Task item
Without the pictures, print the lines running from the beginning of the material to the line containing "photo 4 BMW", both ends included.
━━━
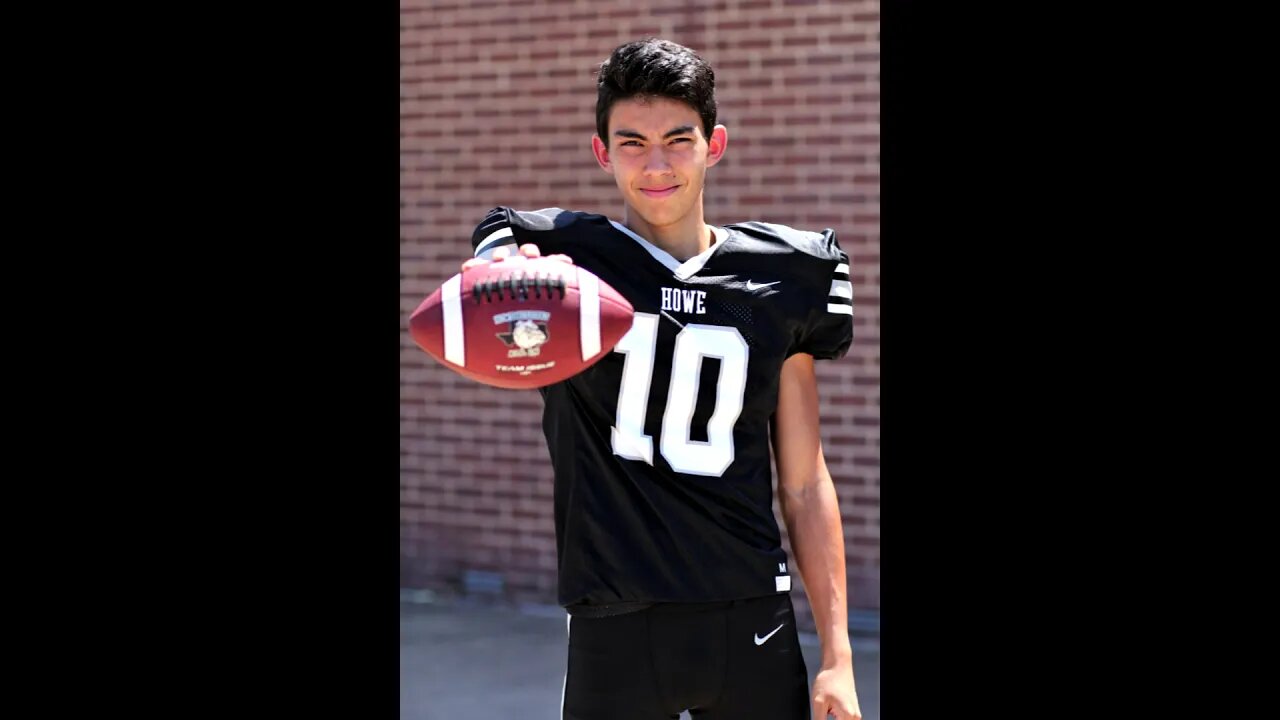 Howe Bulldogs Senior Spotlight with Brian Flores, 10/11/2019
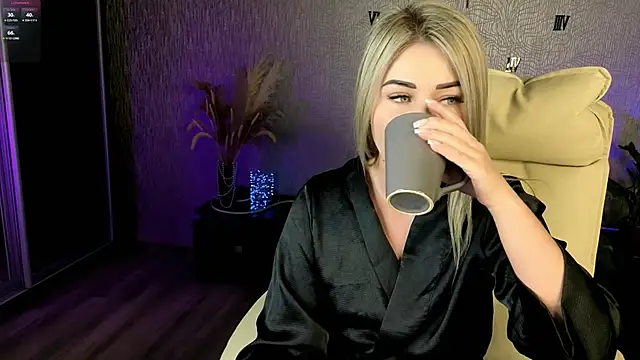 NikkiiStill online show from February 23, 2026, 1:03 am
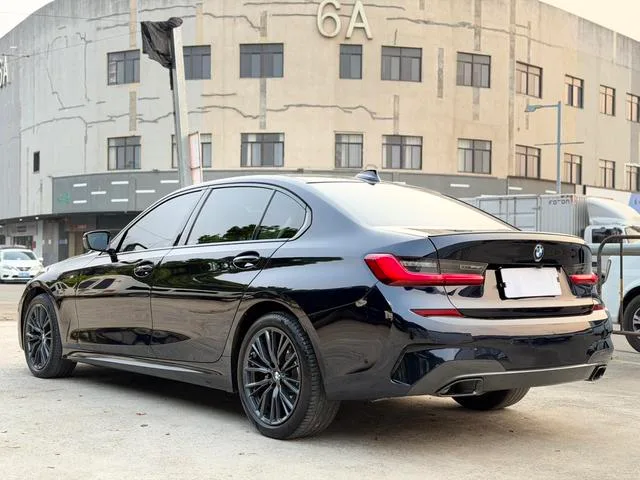 BMW 3 Series 2021 325Li M Sports Night Suit exterior photo 4 BMW 3 Series 2021 325Li M Sports Night Suit exterior photo 4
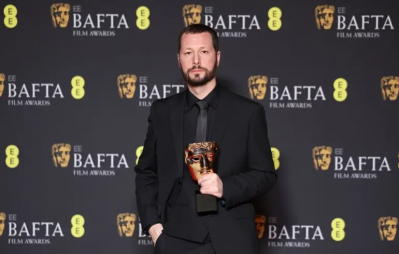 Мстислав Чернов на нагородженні «BAFTA» за стрічку «2000 метрів до Андріївки».Фото з відкритих джерел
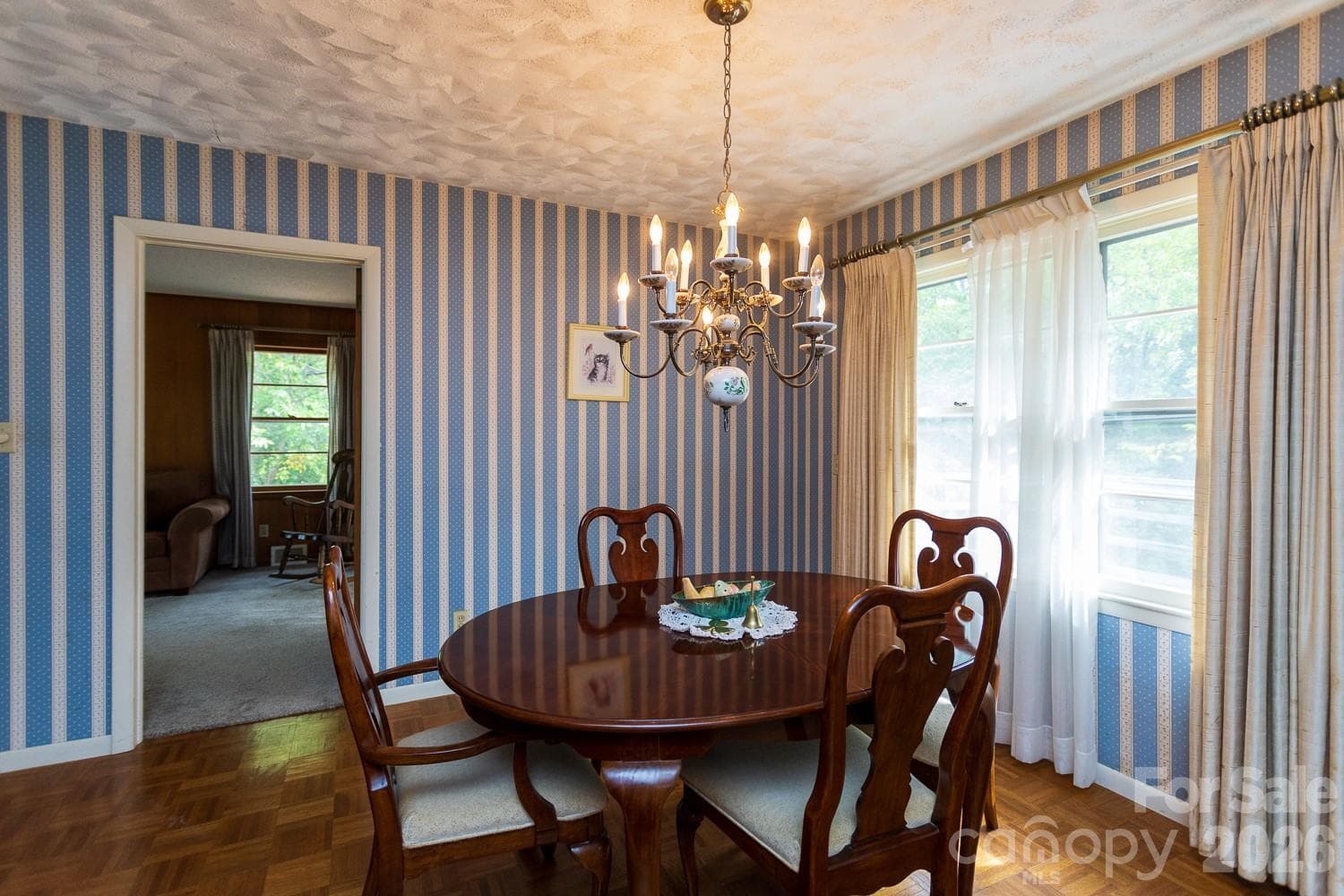 Single Family Residence at 8 Governors Court, Asheville, photo 9 of 24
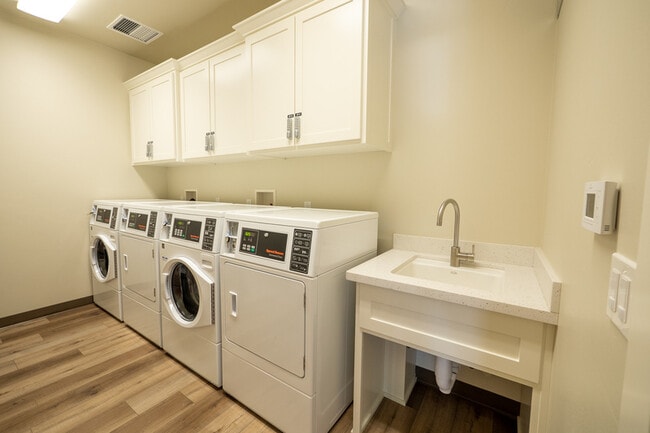 Building Photo - 120 Richardson St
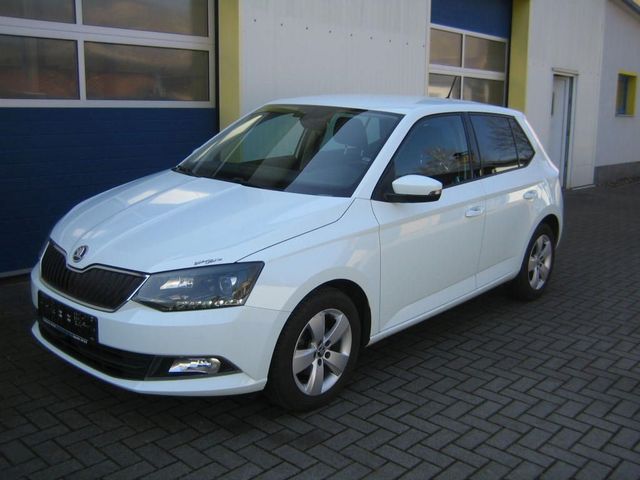 Skoda Fabia Style ** Klimaaut, LM, Scheckheft**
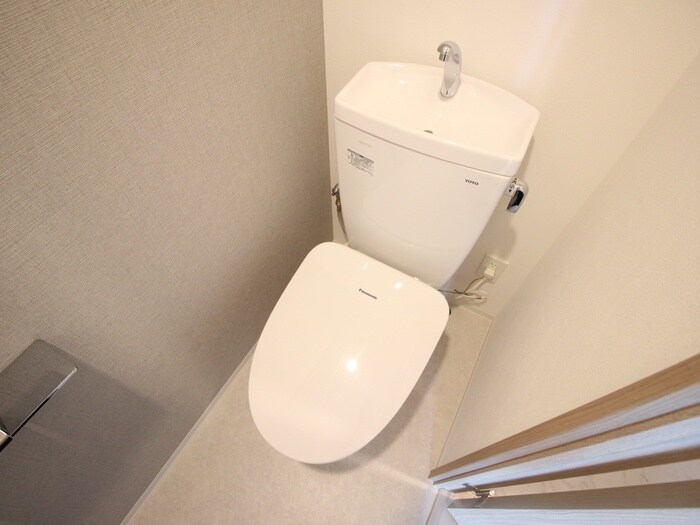 物件内観写真9　(トイレ)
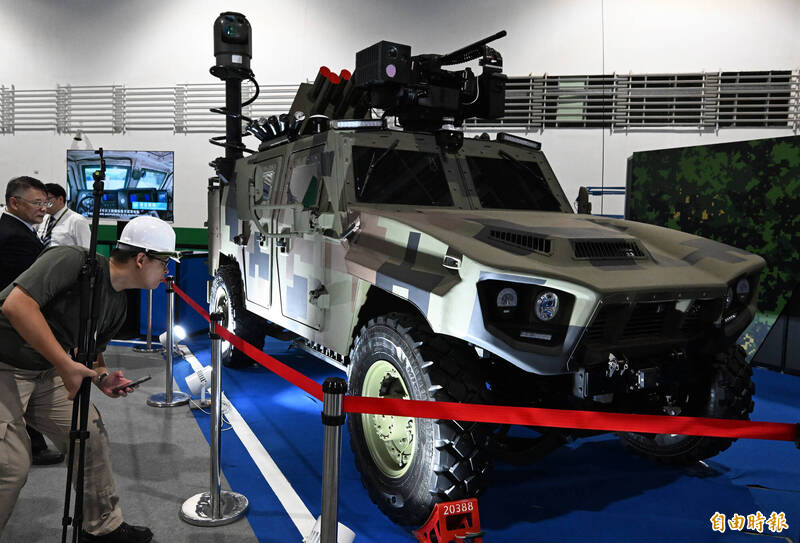 【影】可自主駕駛還可射勁蜂無人機 偵搜戰術輪車運用價值大增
━━━
Answer section
 Howe Bulldogs Senior Spotlight with Brian Flores, 10/11/2019
 NikkiiStill online show from February 23, 2026, 1:03 am
 BMW 3 Series 2021 325Li M Sports Night Suit exterior photo 4 BMW 3 Series 2021 325Li M Sports Night Suit exterior photo 4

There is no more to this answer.